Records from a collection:
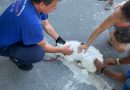 São Gonçalo vacina cães e gatos contra raiva neste sábado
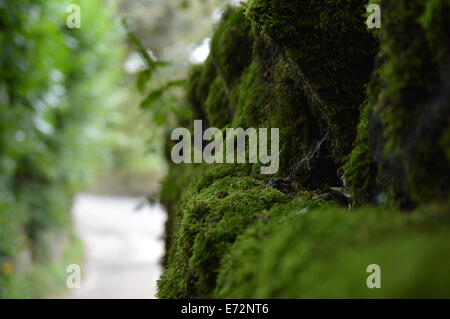A moss covered drystone wall Stock Photo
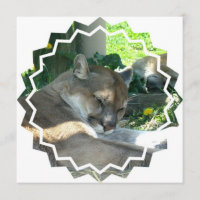 Stillstehende Puma-Einladung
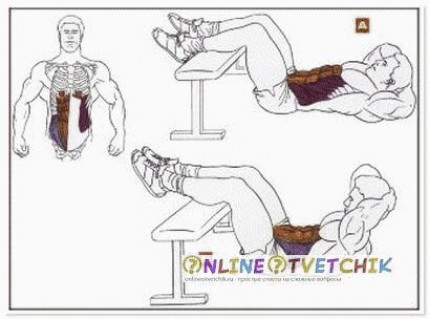 Основной комплекс упражнений для тех, кто хочет иметь красивые мышцы
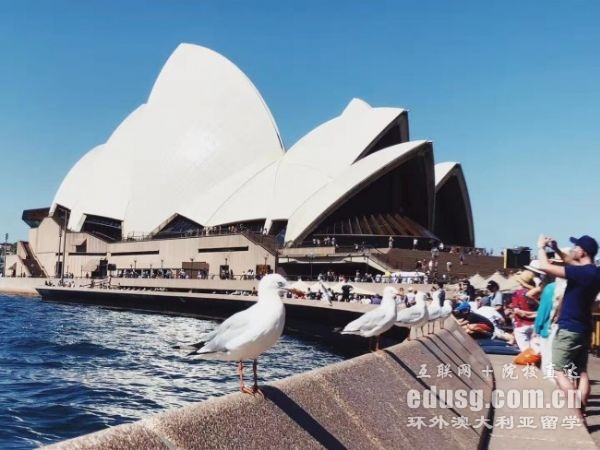 �Ĵ����Ǵ�ѧԤ������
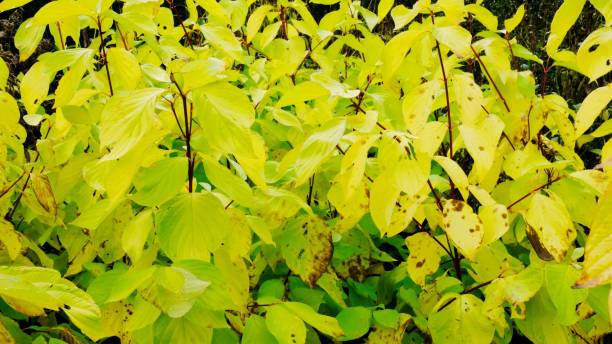 Dogwood The leaves of Cornus Alba "Aurea"  in autumn cornus sanguinea stock pictures, royalty-free photos & images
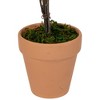 Northlight Wooden Mixed Floral Valentine's Day Artificial Potted Topiary - 14" - Red - 4 of 4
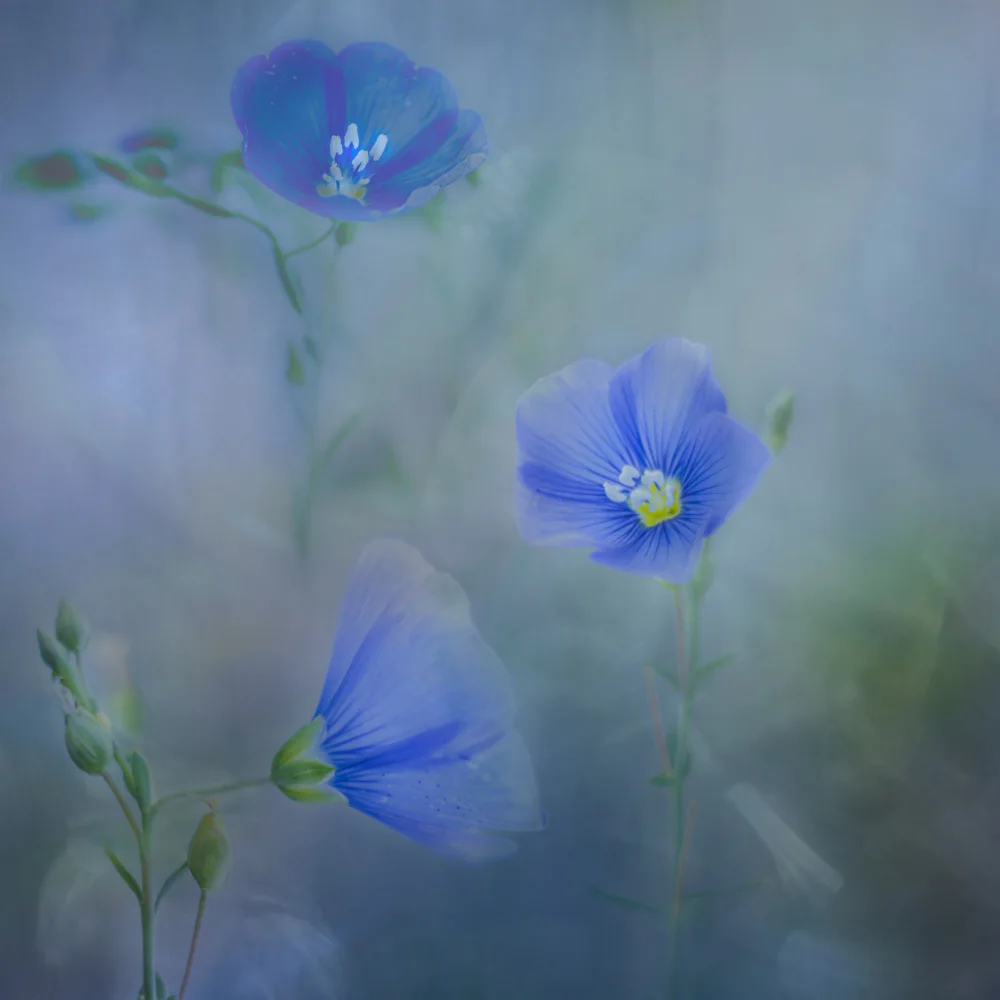Stas, Marie-anne: Flax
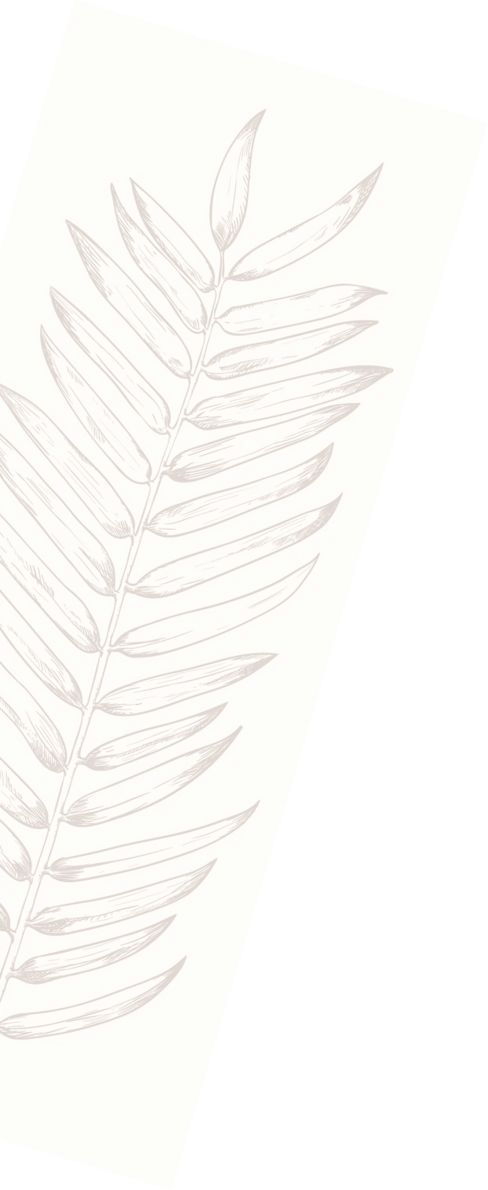 daun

- _Task description_:
Return only the lines running from the top of the data to the line that holds "Dogwood The leaves". Include both of those lines, but skip the pictures.

- _Finished task_:
 São Gonçalo vacina cães e gatos contra raiva neste sábado
A moss covered drystone wall Stock Photo
 Stillstehende Puma-Einladung
 Основной комплекс упражнений для тех, кто хочет иметь красивые мышцы
 �Ĵ����Ǵ�ѧԤ������
 Dogwood The leaves of Cornus Alba "Aurea"  in autumn cornus sanguinea stock pictures, royalty-free photos & images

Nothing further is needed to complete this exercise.